Exercise objective |
Give the records below again exactly, and exclude each picture.
[[ Source material open ]]
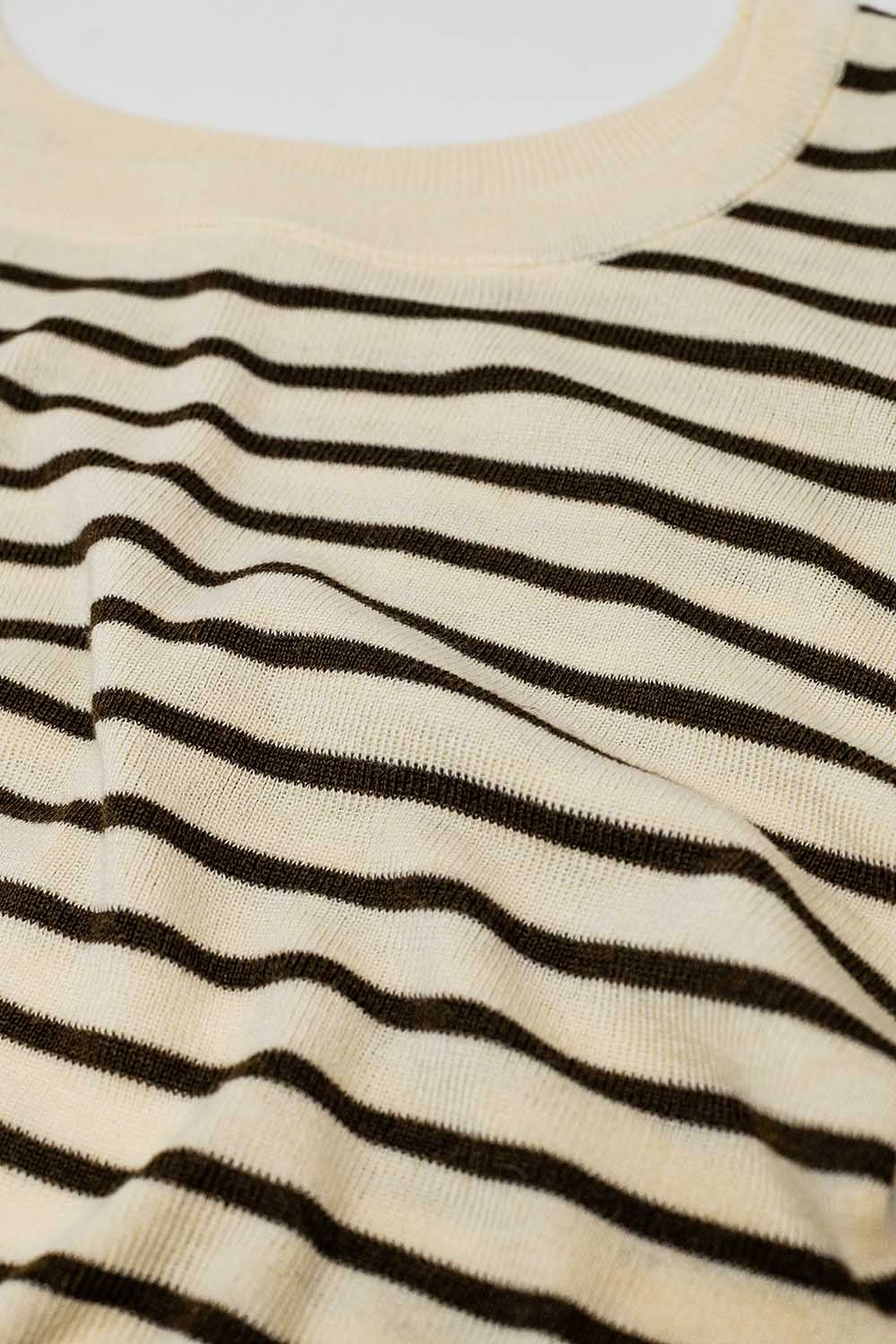 Jersey de punto fino a rayas beige con cuello barco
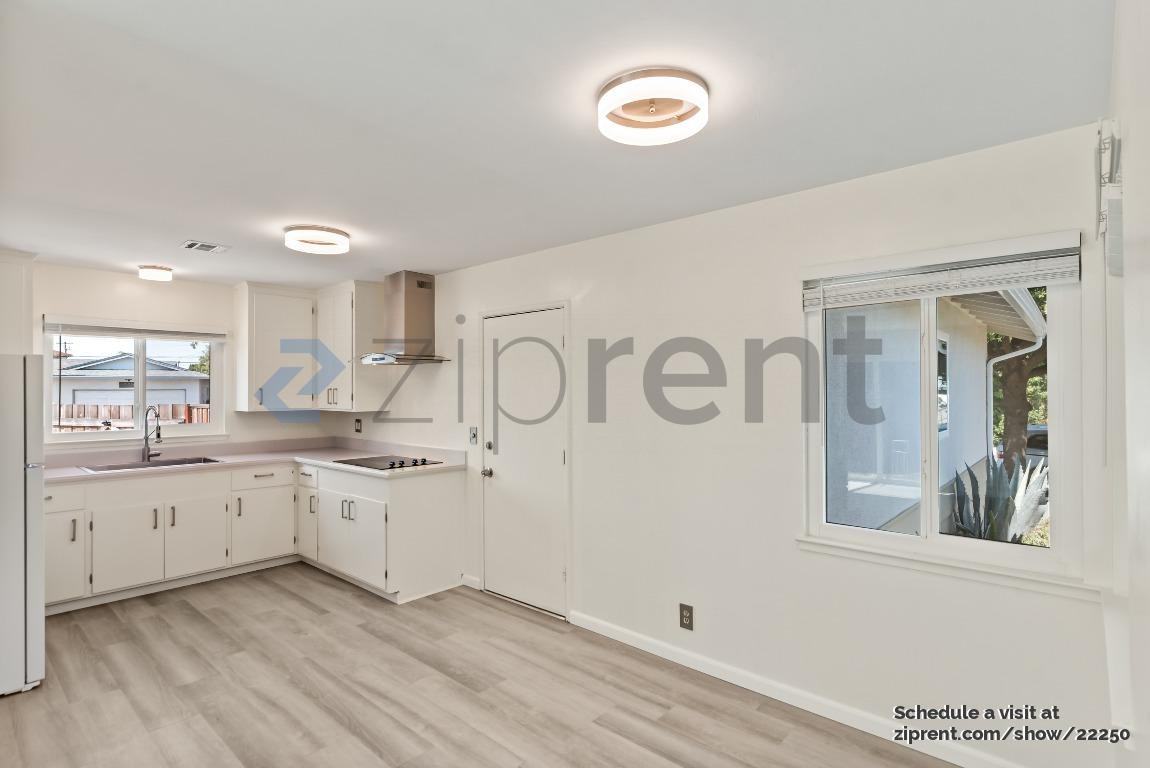 307 Barker St - Photo 7 of 25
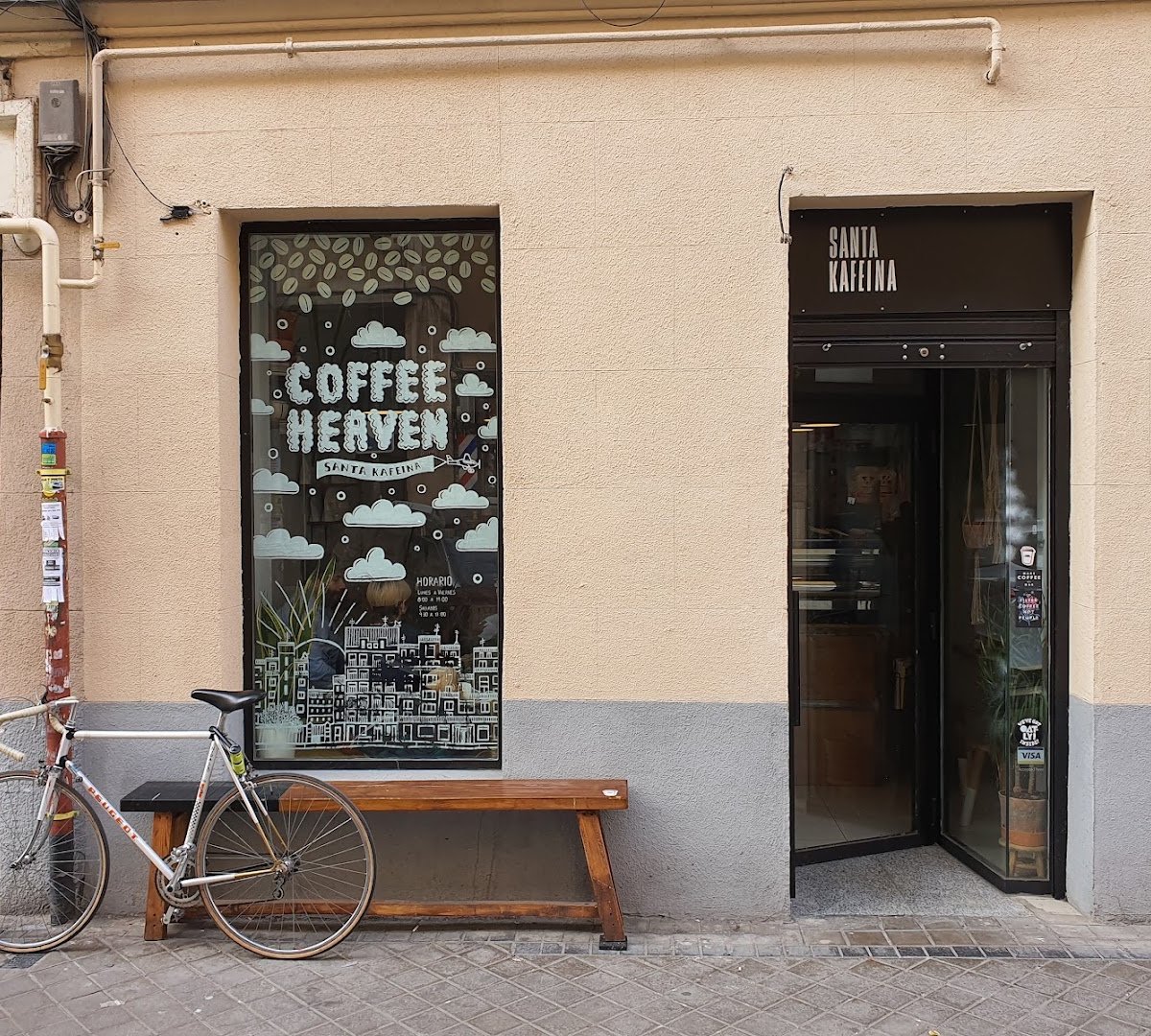 Santa Kafeina specialty coffee shop in Madrid - photo 9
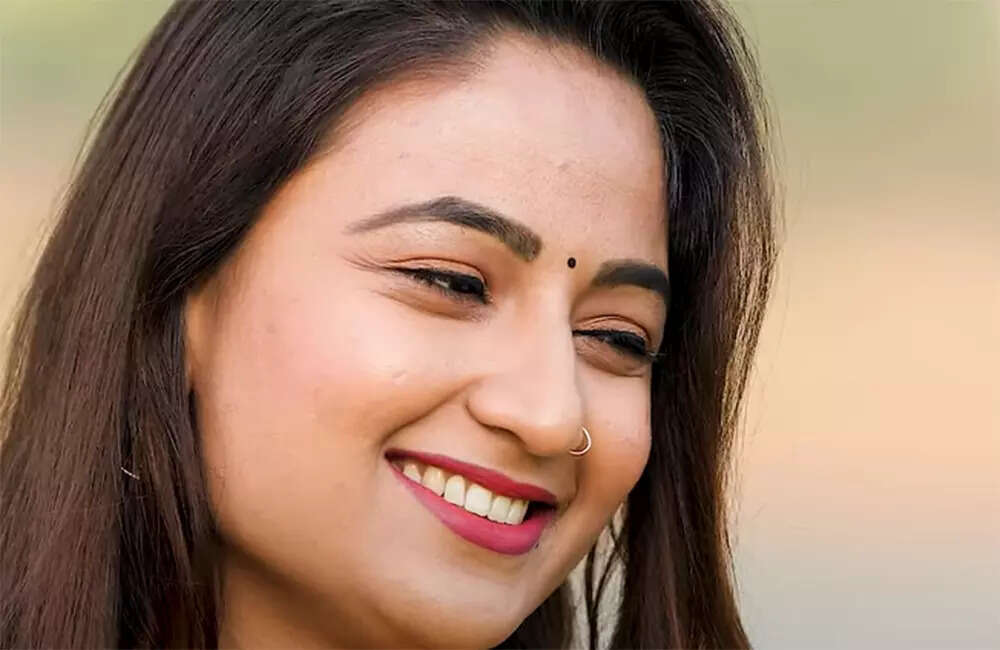 adhuri1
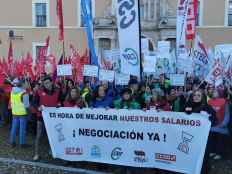 Concentración sindical para exigir a Junta mejoras retributivas y laborales para profesorado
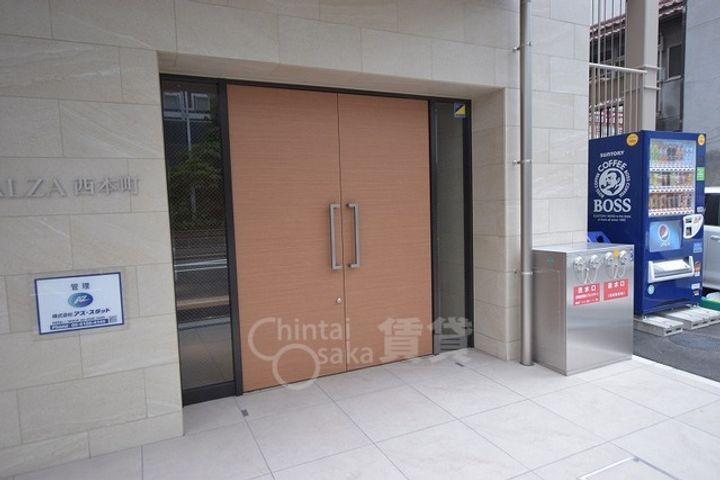 ALZA西本町の玄関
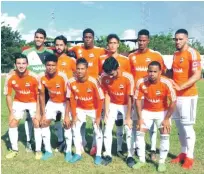  ??  ?? Integrante­s del equipo Atlético del Cibao que ayer salió airoso en su partido de la Serie B. Atlético Pantoja 2, O&amp;M 1Unev Sport 2,San Judas 1 Atlético Romana 3, Higuey FC 0 Jarabacoa FC 1, Salcedo FC 0Don Bosco 5, Jezreel 0 Bob FC 3, América SD 2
[[ Source material closed ]]
Exercise output |
 Jersey de punto fino a rayas beige con cuello barco
 307 Barker St - Photo 7 of 25
 Santa Kafeina specialty coffee shop in Madrid - photo 9
 adhuri1
 Concentración sindical para exigir a Junta mejoras retributivas y laborales para profesorado
 ALZA西本町の玄関
  ??  ?? Integrante­s del equipo Atlético del Cibao que ayer salió airoso en su partido de la Serie B. Atlético Pantoja 2, O&amp;M 1Unev Sport 2,San Judas 1 Atlético Romana 3, Higuey FC 0 Jarabacoa FC 1, Salcedo FC 0Don Bosco 5, Jezreel 0 Bob FC 3, América SD 2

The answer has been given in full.